What to produce: Output, word for word, the line that contains "MOIZ MAHMOOD" and all lines after it in the records below, omitting pictures.

Data:

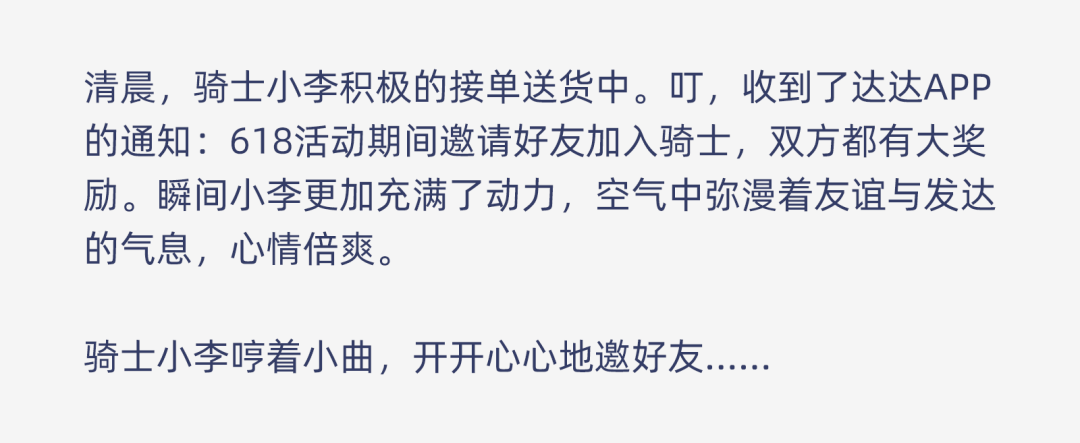 ַpֈDƬ߅<a href=http://edabuilding.com/sheji/chahua/ target=_blank class=infotextkey>宋</a><a href=http://edabuilding.com/ target=_blank class=infotextkey>OӋ</a>^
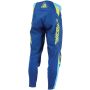 Answer 442597 Syncron Pants
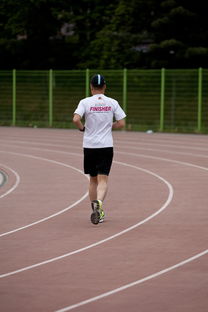 2025世俱杯-篮球专项技能训练负荷调节及效果评估研究，篮球运动训练负荷分析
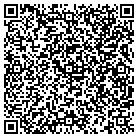 QR code with Unity Broadcasting Inc contacts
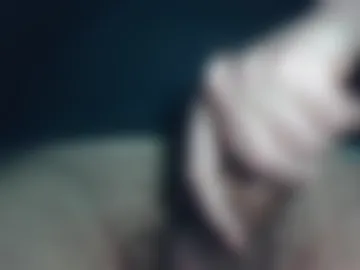 frenchnhard87 photo 5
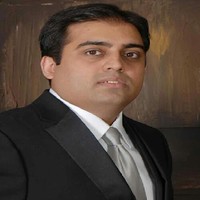 MOIZ MAHMOOD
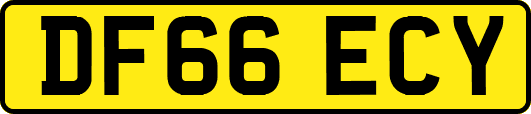 DF66ECY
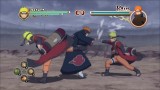 Image Naruto Shippuden : Ultimate Ninja Storm 2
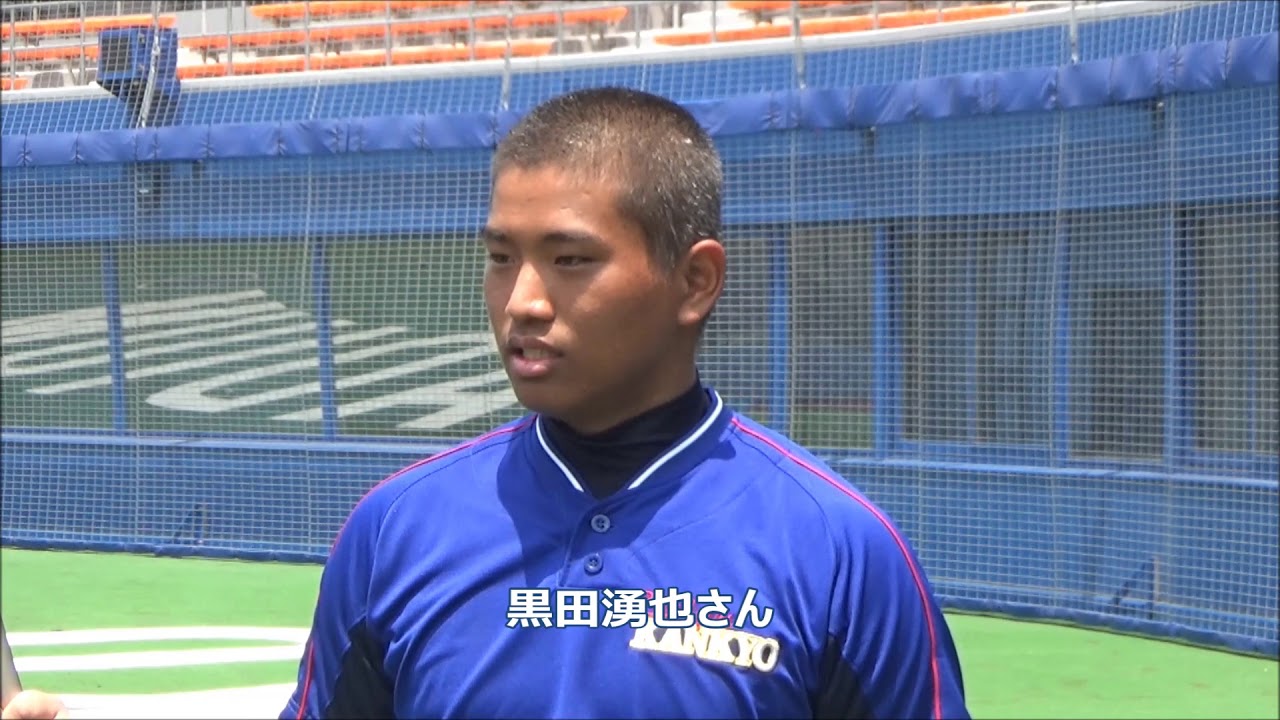 地球環境 野球部 Youtube 地球環境 野球部 Youtube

Answer below:
 MOIZ MAHMOOD
 DF66ECY
 Image Naruto Shippuden : Ultimate Ninja Storm 2
 地球環境 野球部 Youtube 地球環境 野球部 Youtube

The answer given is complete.